LSU-Health Genomics Data HUB (GEDHUB)

Genomic medicine promises to revolutionize biomedical research, clinical care, precision prevention and monitoring global disease threats. By deciphering the human genome in the context of molecular networks, biological pathways, drug interaction, and modeling gene by environmental interactions, it is now possible for bioinformaticians, genomic scientists and clinicians to identify individuals at risk of disease, provide early diagnoses based on biomarkers, develop novel therapeutics and recommend effective treatments.

However, the fields of genomics and genomic medicine have been caught in a flood of data as huge amounts of information are generated by next-generation sequencers and rapidly evolving analytical platforms such as high-performance computing clusters. This data must be quickly stored, analyzed, shared, and archived, but many genome, cancer and medical research institutions and pharmaceutical companies are now generating so much data that it can no longer be timely processed, properly stored or even transmitted over regular communication lines. In addition to scale and speed, it is also important for all the genomics information to be linked based on data models and taxonomies, and to be well annotated. To address these critical needs and to enhance the research mission of LSUHSC, the BIG program has developed the GEDHUB. This resource is designed to enhance BIG’s research activities and to foster collaboration in biomedical research. The goal is to create a data driven medicine of the 21st century. The GEDHUB is managed by staff of the Bioinformatics and Genomics Program.


GEDHUB functions:  The key functions of the project are:

1.  High-performance management of data input/output. This function addresses the need for large-scalable I/O capability and large bandwidth capabilities for moving large data files.

2.  Policy-driven data management. This function addresses the need for managing the lifecycle of data from creation to deletion or preservation.

3.  Efficient data sharing: This function addresses the need for data sharing within and across logical domains of storage infrastructure.

4.  Large-scale metadata management. This function involves management of raw data files, such as FASTQ files.


Catalogue of curated datasets currently in the GEDHUB. 

Breast Cancer Project: This project focuses population genomics and epigenomics in breast cancer and related diseases such as obesity with goal of accelerating scientific discoveries by performing collaborative research in population, basic and translational research and seeking solutions to the critical problems that apply to improvement of human health and elimination of health disparities.

Prostate Cancer Project: This project is focused on comprehensive analysis and characterization of prostate cancer genomes in different ethnic populations for the discovery of genomic aberrations driving the disease phenotypes. We are particularly focused on identifying genomic changes initiate cancer development and discovering rare genetic alterations that drive cancers in different populations. Our approach relies on harnessing the vast amounts of omics data using efficient bioinformatics tools.

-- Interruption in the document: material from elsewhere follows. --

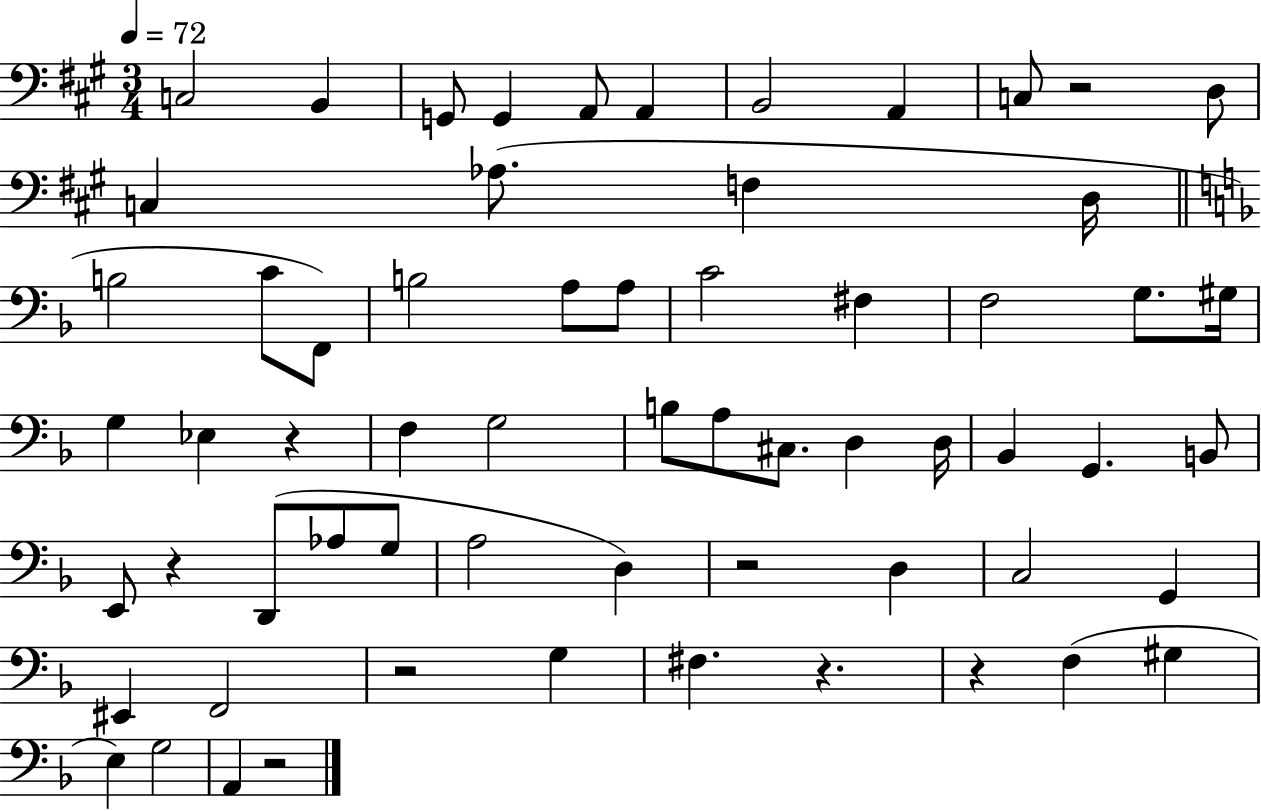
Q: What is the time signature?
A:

Childhood Cancer Project: This project focuses on mapping the genomic landscape and discovering clinically actionable biomarkers for childhood cancers. We apply comprehensive genomic approach to determine molecular changes that drive childhood cancers. We work collaboratively with clinicians to facilitate discovery of molecular targets and translate those findings into the clinic. We work collaboratively with NCI’s Office of Cancer Genomics and Cancer Therapy Evaluation Program and the Children’s oncology group utilizing data from the Therapeutically Applicable Research to Generate Effective Treatments project (TARGET) and the Pediatric Cancer Genome Project at Washington university and St. Jude Childrens Research Hospital



Access to the data sets can be attained by submitting a data request here.


User and Access Policy:

This information was developed to facilitate collaborative activities and data sharing in biomedical research. Users of this data must still comply with federal, state, local and institutional policies including obtaining and IRB or IRB waiver. This document does not grant you any license to the data sets.  The BIG Staff reserve the right to reject your data request if you do not satisfy the conditions or are not in compliance with the regulations.